On Tue, May 13, 2014 at 3:39 PM, Kevin Gorman <kgor...@gmail.com> wrote:

> David: I haven't seen anyone assert that the image in question isn't a
> violation of the principle of least astonishment.  I've seen several people
> suggest the image was acceptable for other reasons.  If you can articulate
> a reasonable (i.e., not full of snark and one that indicates you've read at
> least most of the ongoing discussion) argument that putting the image in
> question on Commons frontpage (and the frontpage of numerous other projects
> in the process,) is not a violation of the principle of least astonishment,
> I'd love to hear it.  Especially if you craft your argument to recognize
> the fact that the image was both displayed on projects that didn't speak
> any of the languages it was captioned in, and given that most Wikimedia
> viewers can't actually play our video formats.  I guess you could argue
> that the resolution only says that the board "supports" the POLA rather
> than requires it, but that's a rather weak argument for putting a grainy
> black and white stack of dead corpses linking to a video many can't play
> that's only captioned in a handful of langauges on the frontpage of a
> project that serves projects in 287 different languages.

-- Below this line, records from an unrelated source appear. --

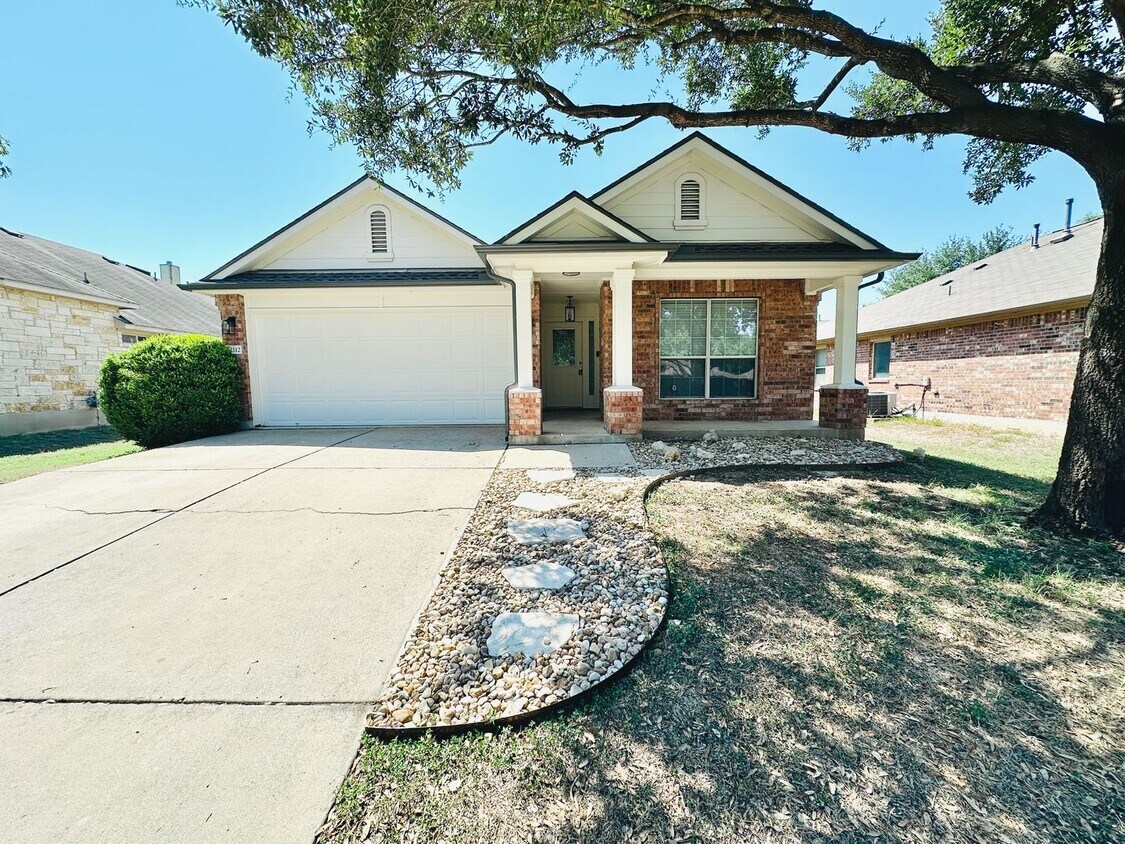 Foto principal - Modern Comfort Meets Style – Spacious 4BR ...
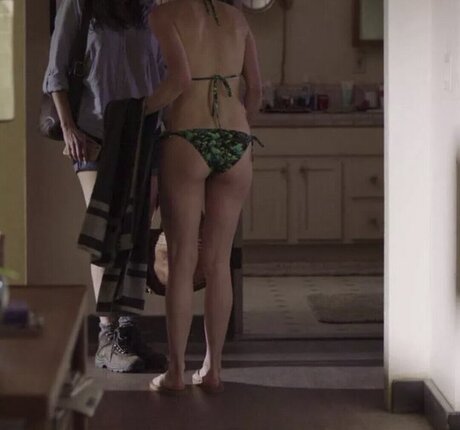 Britt Lower エロティックなスター 画像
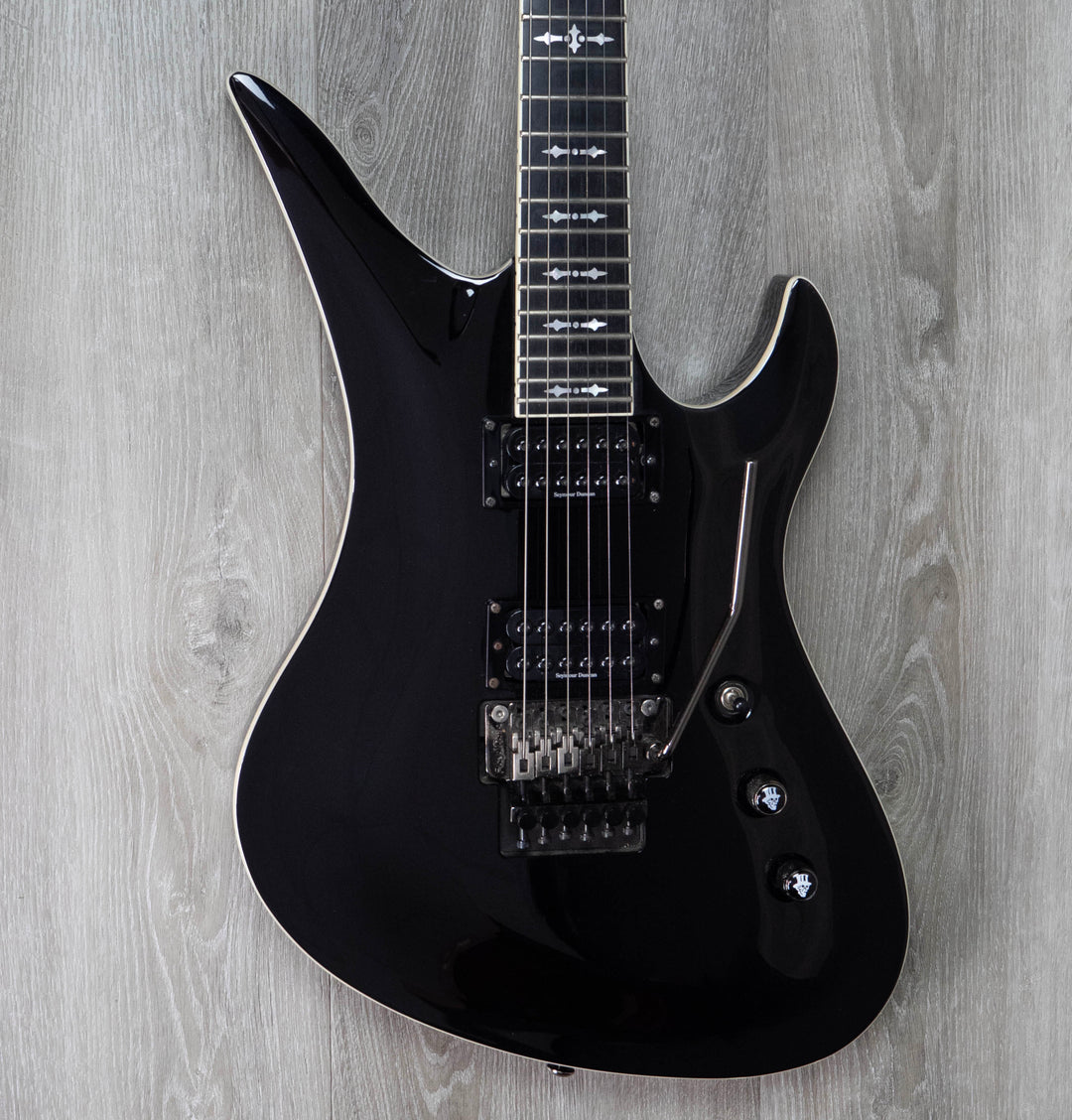 D'occasion : Schecter Synyster Gates Special, noir brillant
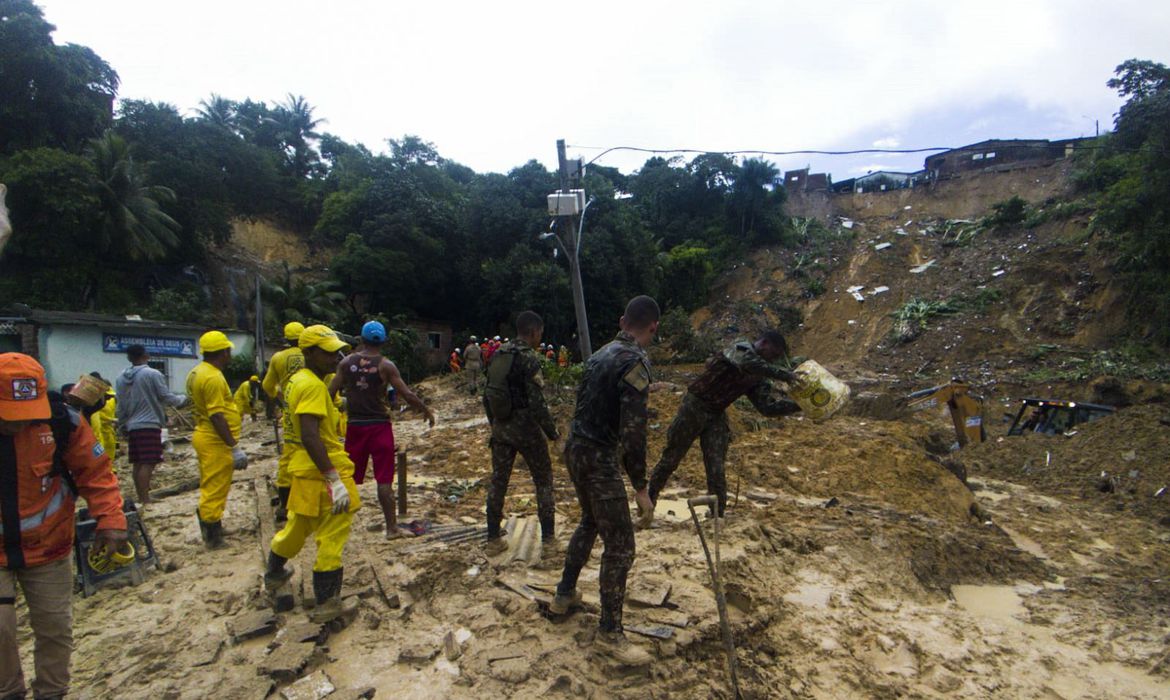 Governo de Pernambuco anuncia auxílio emergencial de R$ 1,5 mil para vítimas de enchentes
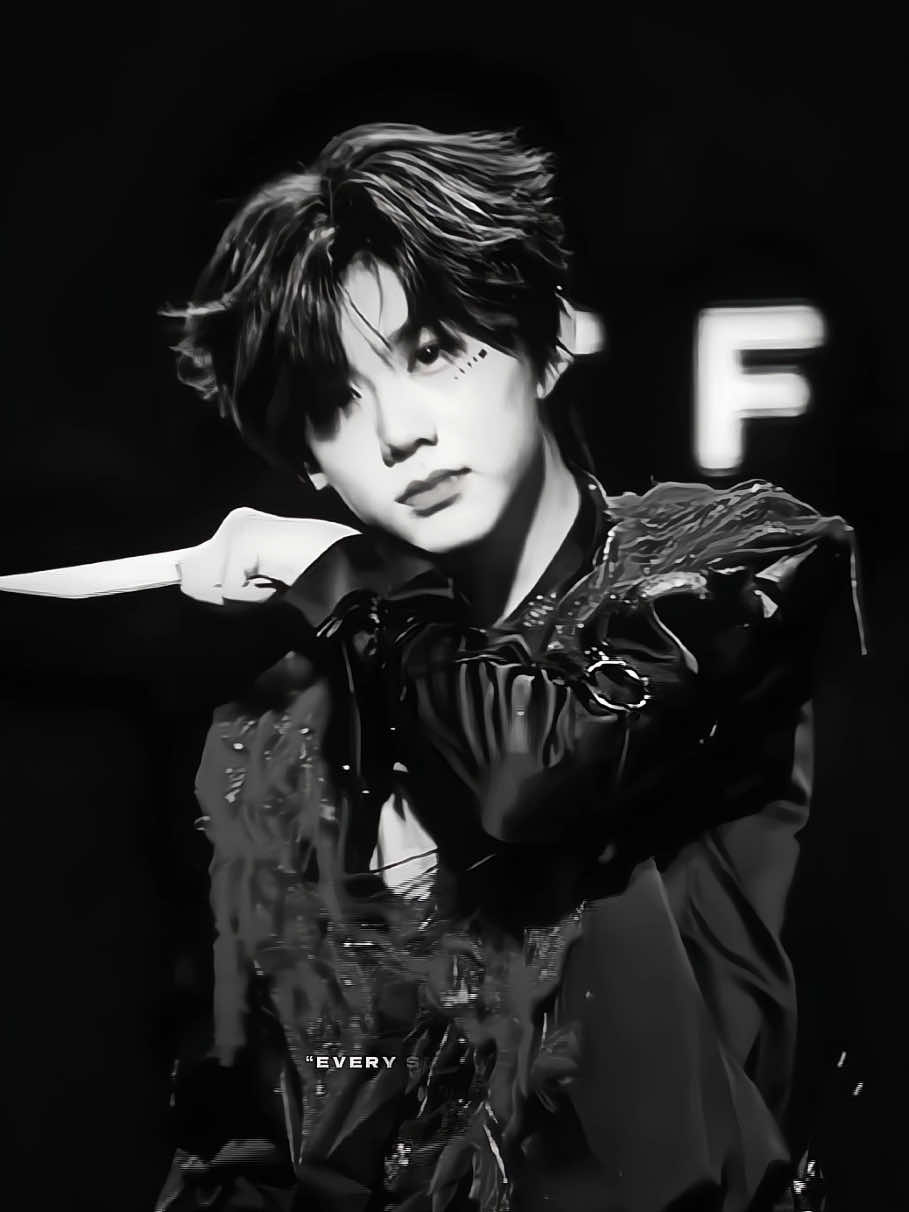 “Anh đã chết chìm trong chính bài hát mình tạo ra.” | id: @lem.tf  #chenyiheng_陈奕恒 #chenyiheng #陈奕恒 #pelwzin 
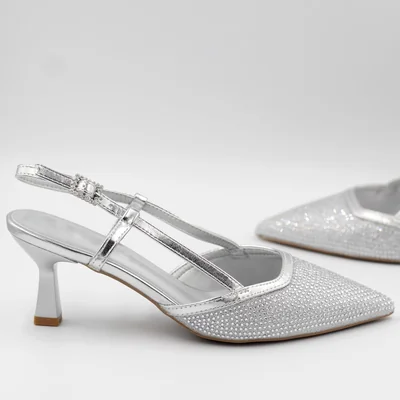 Zapatillas de tacón destalonados con pedrería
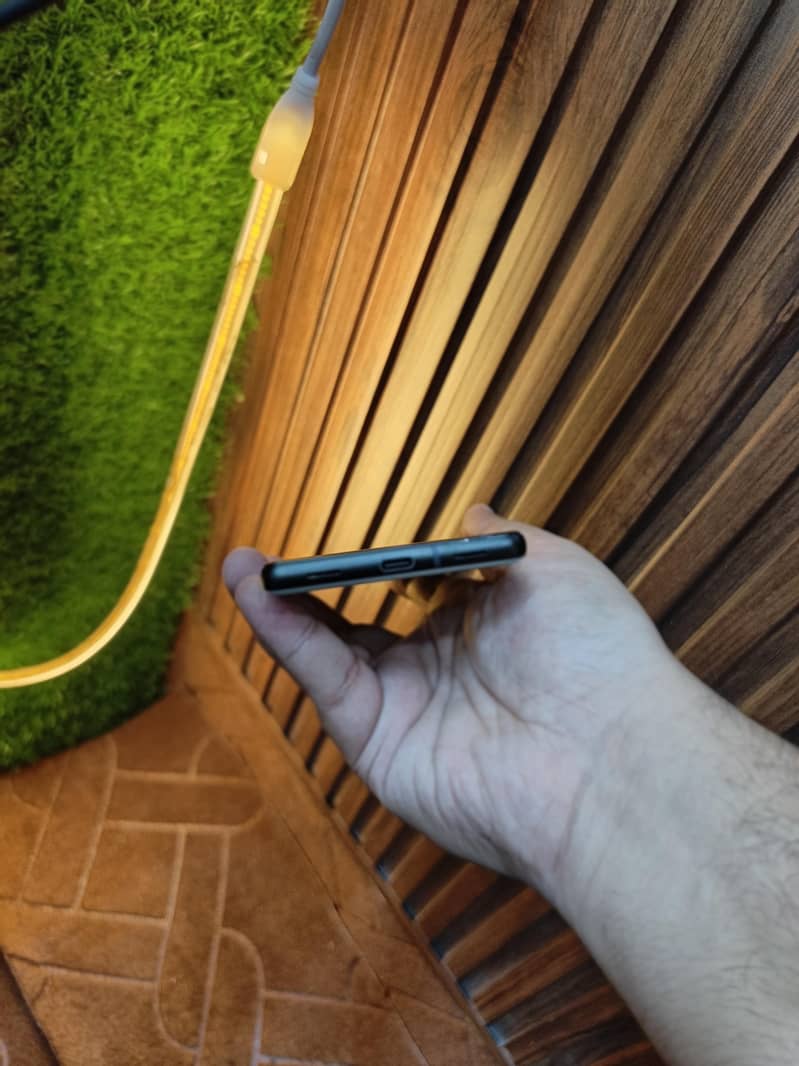 Google Pixel 6a 8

I think David was reacting to your bold assertion that the next time you
determine Commons has violated a Board resolution, drastic action would be
taken. This suggests some certainty on your part that the Board and
stewards agree with your judgment. I haven't seen evidence of that. You can
certainly advocate that action be taken, but dire warnings of certain
consequences seem a bit beyond your authority to issue.